さらに、私は猫を通して自分を見ている。猫を愛撫するのは、自分を愛撫すること。だから生まれたばかりの子猫を殺す時、私は自分も殺している。それはつらくてたまらない」


この坂東眞砂子の謂いが本心から出たものなのか、炎のように噴き出した批判に対する単なる自己弁護なのかは知らない。

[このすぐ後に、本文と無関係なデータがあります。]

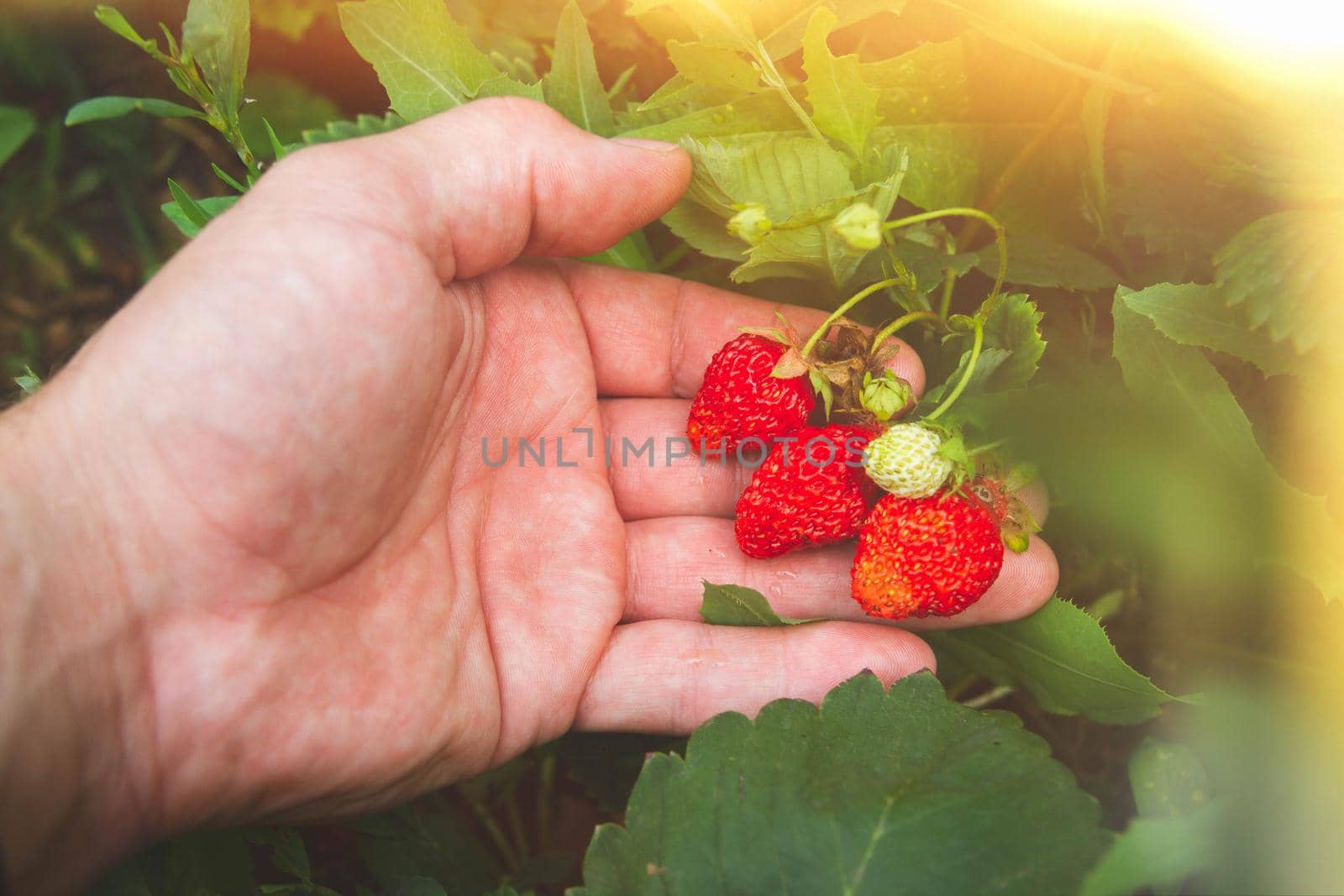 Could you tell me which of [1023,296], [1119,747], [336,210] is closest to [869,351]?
[1023,296]

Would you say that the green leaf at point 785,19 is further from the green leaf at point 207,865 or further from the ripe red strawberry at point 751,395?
the green leaf at point 207,865

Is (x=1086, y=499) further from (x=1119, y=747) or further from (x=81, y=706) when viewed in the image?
(x=81, y=706)

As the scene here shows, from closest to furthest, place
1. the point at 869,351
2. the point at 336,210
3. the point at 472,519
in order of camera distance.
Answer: the point at 336,210 < the point at 869,351 < the point at 472,519

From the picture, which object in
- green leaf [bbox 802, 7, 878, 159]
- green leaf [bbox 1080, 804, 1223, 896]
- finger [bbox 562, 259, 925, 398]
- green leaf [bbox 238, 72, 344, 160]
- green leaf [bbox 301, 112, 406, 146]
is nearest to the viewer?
Result: green leaf [bbox 1080, 804, 1223, 896]

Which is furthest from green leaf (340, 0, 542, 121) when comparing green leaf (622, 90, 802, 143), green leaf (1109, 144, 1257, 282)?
green leaf (1109, 144, 1257, 282)

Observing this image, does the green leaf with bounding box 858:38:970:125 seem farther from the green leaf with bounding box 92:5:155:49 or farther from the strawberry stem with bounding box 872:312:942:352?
the green leaf with bounding box 92:5:155:49

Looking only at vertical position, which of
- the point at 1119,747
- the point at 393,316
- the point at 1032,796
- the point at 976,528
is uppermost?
the point at 393,316

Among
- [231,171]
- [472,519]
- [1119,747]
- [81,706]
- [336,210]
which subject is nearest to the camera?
[81,706] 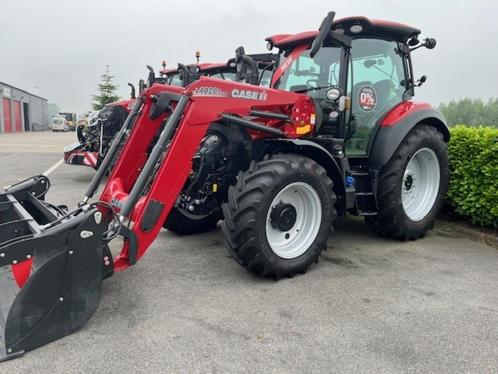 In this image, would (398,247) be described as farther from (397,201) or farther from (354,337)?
(354,337)

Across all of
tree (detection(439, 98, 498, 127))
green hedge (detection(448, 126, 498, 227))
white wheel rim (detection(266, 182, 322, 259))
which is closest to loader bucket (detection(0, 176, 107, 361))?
white wheel rim (detection(266, 182, 322, 259))

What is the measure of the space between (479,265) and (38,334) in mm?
4083

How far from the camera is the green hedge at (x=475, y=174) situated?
17.6 ft

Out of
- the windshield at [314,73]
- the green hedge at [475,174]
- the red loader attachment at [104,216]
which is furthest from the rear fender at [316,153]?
the green hedge at [475,174]

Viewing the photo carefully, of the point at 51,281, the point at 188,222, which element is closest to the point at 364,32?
the point at 188,222

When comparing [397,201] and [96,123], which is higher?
[96,123]

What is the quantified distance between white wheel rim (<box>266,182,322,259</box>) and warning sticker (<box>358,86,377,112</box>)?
4.63 feet

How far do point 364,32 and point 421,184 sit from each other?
81.1 inches

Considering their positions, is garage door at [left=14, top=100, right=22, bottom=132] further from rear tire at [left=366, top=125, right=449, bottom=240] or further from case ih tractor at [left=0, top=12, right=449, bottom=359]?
rear tire at [left=366, top=125, right=449, bottom=240]

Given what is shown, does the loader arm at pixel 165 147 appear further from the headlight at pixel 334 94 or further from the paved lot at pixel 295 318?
the paved lot at pixel 295 318

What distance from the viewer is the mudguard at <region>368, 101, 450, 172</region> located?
15.9 ft

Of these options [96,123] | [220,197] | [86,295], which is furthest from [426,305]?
[96,123]

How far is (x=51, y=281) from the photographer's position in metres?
2.85

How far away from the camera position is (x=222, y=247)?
494cm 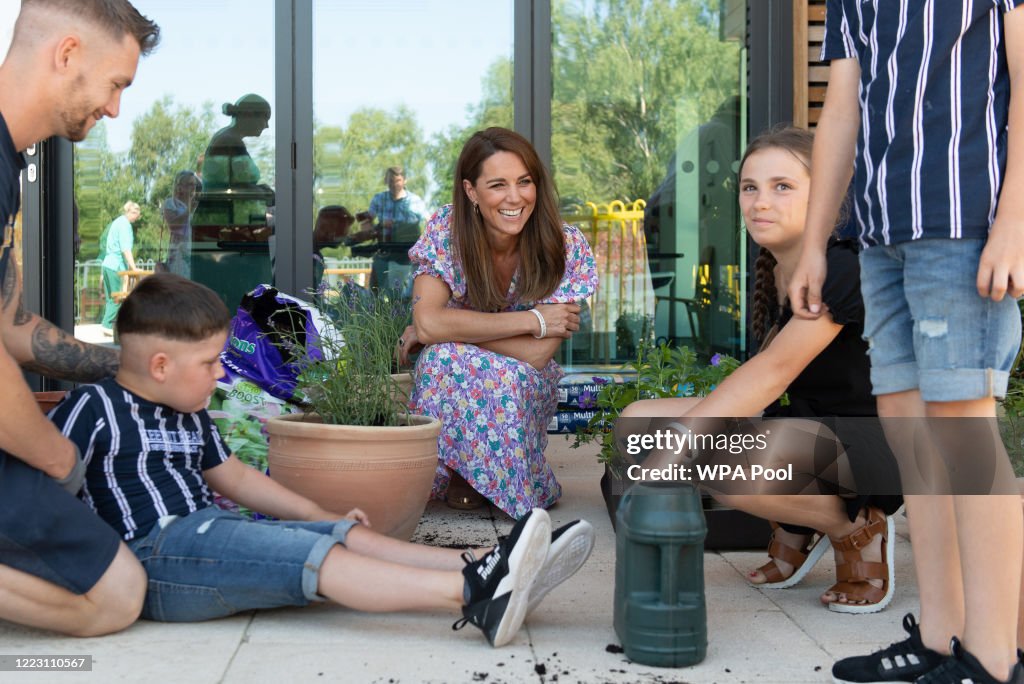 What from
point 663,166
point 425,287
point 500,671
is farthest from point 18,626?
point 663,166

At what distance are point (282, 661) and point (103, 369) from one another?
2.97 ft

「避妊も、生まれた仔猫を崖から落とすのも、結果は同じではないか」というのも、理屈としては確かにその通りだ。

しかし「表現の仕方」が間違っている。
結果は同じでも、母猫の目の前で生まれたばかりの仔猫をなぶり殺すという、その「表現の仕方」が間違っている。

例えば右翼の街宣車。
右翼思想の是非はさておき、あの、ラウドスピーカーからけたたましく垂れ流される騒音に、まともに耳を貸す人がどれだけいるか。

「動物愛護」でも「嫌煙運動」でも「エコロジー」でも何でもいいが、「ごりっぱ」な思想を盾に他人に毒づくしか能のない連中には、そこのところをよく考えてもらいたい。


表現の仕方を間違うと、どんなに崇高な思惟も、腐った糞尿の如きものに化す。